▶ EXERCISE
An exact copy of the entries is required, excluding any pictures.

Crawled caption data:
╔══
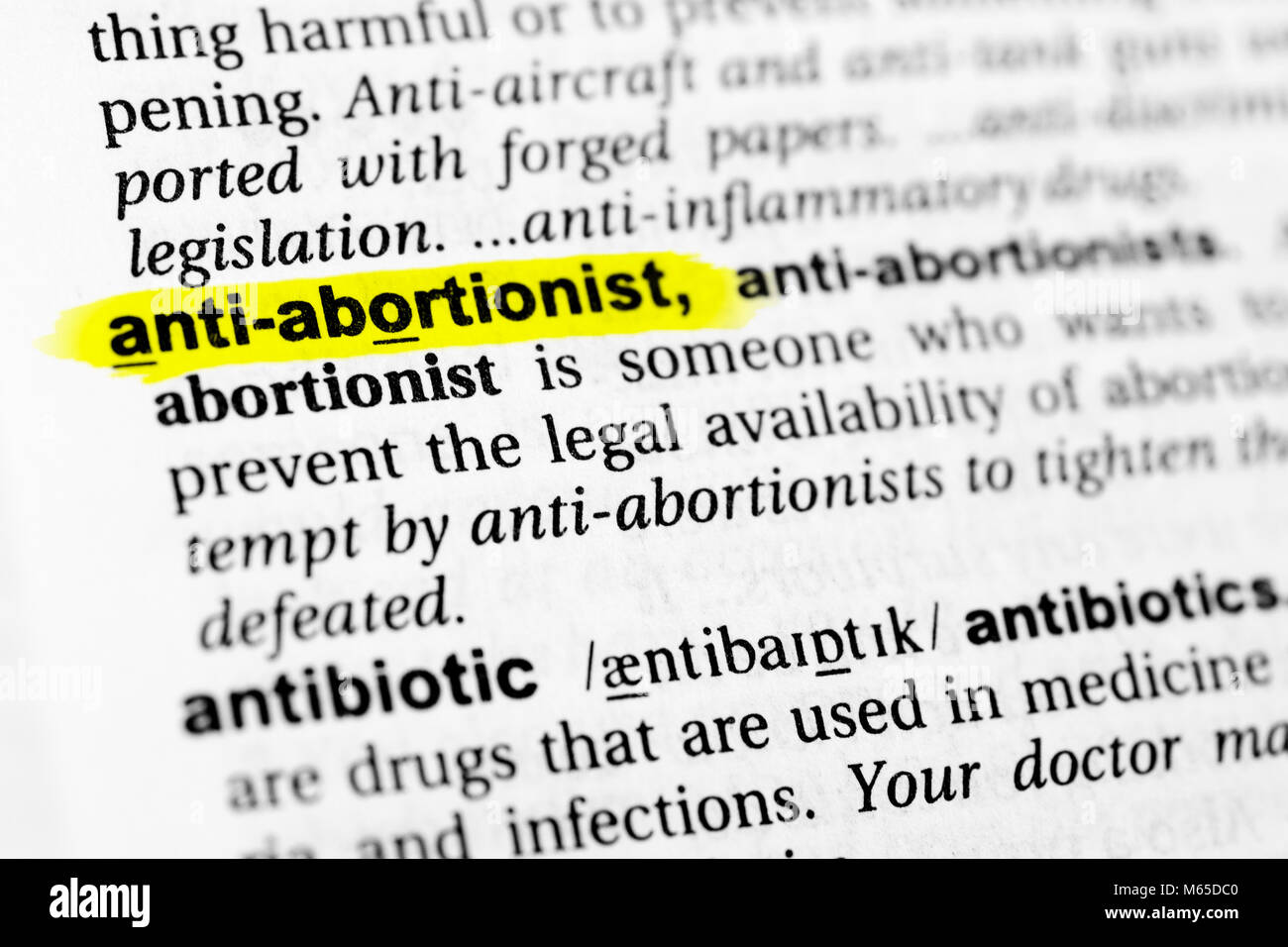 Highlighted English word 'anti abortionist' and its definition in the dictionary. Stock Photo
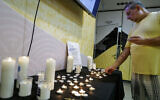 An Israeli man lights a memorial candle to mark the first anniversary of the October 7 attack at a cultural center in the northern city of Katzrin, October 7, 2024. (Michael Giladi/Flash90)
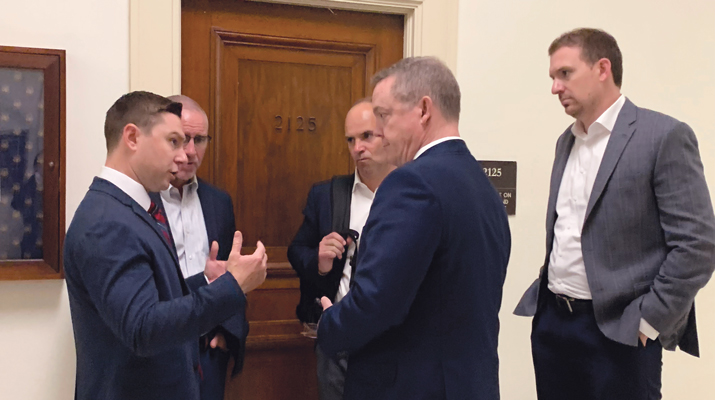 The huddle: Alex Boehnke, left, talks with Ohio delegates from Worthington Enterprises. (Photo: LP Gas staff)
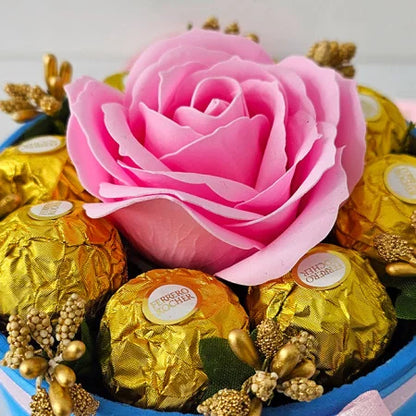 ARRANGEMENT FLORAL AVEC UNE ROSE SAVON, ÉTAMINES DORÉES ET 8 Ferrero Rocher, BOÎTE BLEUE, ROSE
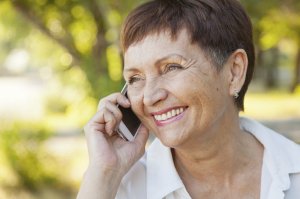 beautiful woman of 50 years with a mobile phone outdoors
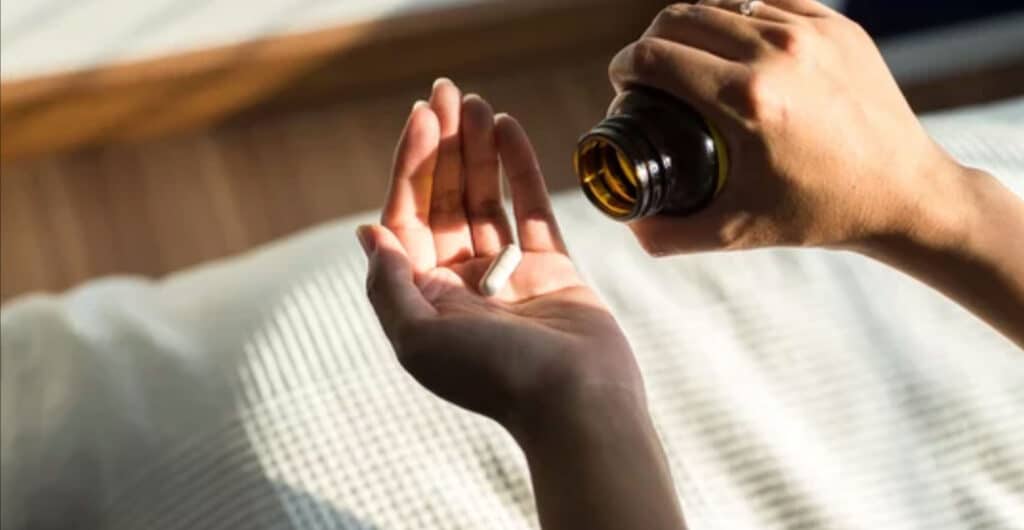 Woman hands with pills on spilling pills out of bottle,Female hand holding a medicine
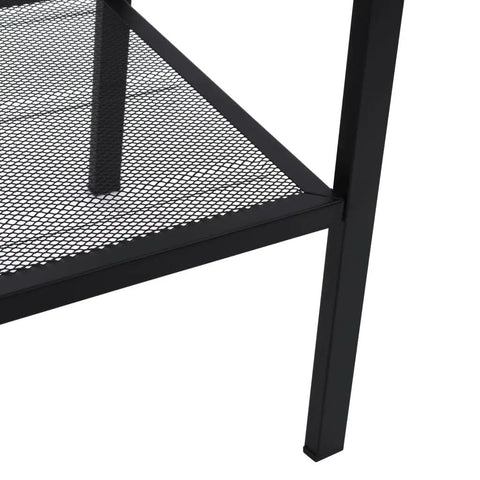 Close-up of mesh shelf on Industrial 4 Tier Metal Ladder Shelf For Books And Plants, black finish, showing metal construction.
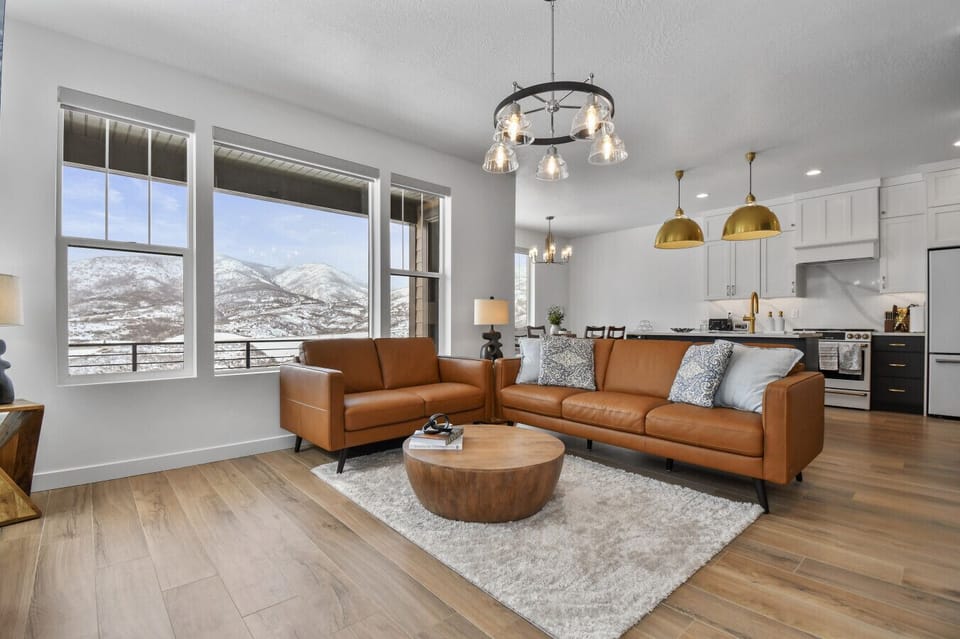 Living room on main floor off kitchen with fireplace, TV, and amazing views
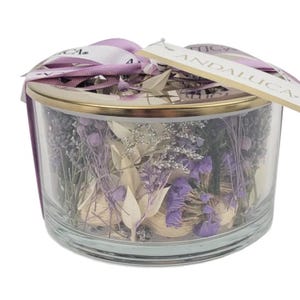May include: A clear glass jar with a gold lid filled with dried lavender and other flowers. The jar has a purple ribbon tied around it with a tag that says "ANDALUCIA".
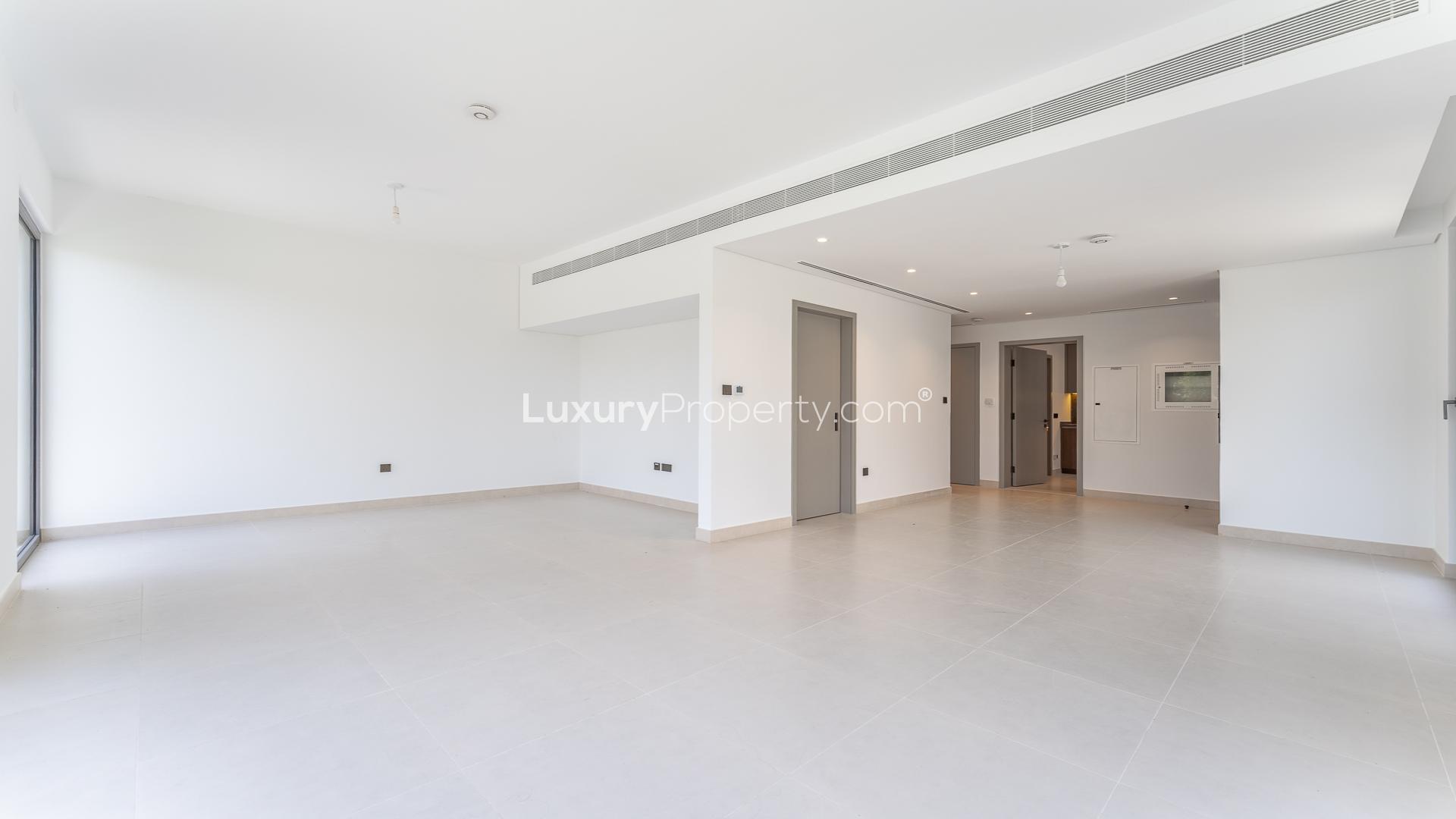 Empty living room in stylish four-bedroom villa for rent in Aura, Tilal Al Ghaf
╚══
▶ REPLY
 Highlighted English word 'anti abortionist' and its definition in the dictionary. Stock Photo
 An Israeli man lights a memorial candle to mark the first anniversary of the October 7 attack at a cultural center in the northern city of Katzrin, October 7, 2024. (Michael Giladi/Flash90)
 The huddle: Alex Boehnke, left, talks with Ohio delegates from Worthington Enterprises. (Photo: LP Gas staff)
 ARRANGEMENT FLORAL AVEC UNE ROSE SAVON, ÉTAMINES DORÉES ET 8 Ferrero Rocher, BOÎTE BLEUE, ROSE
 beautiful woman of 50 years with a mobile phone outdoors
 Woman hands with pills on spilling pills out of bottle,Female hand holding a medicine
 Close-up of mesh shelf on Industrial 4 Tier Metal Ladder Shelf For Books And Plants, black finish, showing metal construction.
 Living room on main floor off kitchen with fireplace, TV, and amazing views
May include: A clear glass jar with a gold lid filled with dried lavender and other flowers. The jar has a purple ribbon tied around it with a tag that says "ANDALUCIA".
 Empty living room in stylish four-bedroom villa for rent in Aura, Tilal Al Ghaf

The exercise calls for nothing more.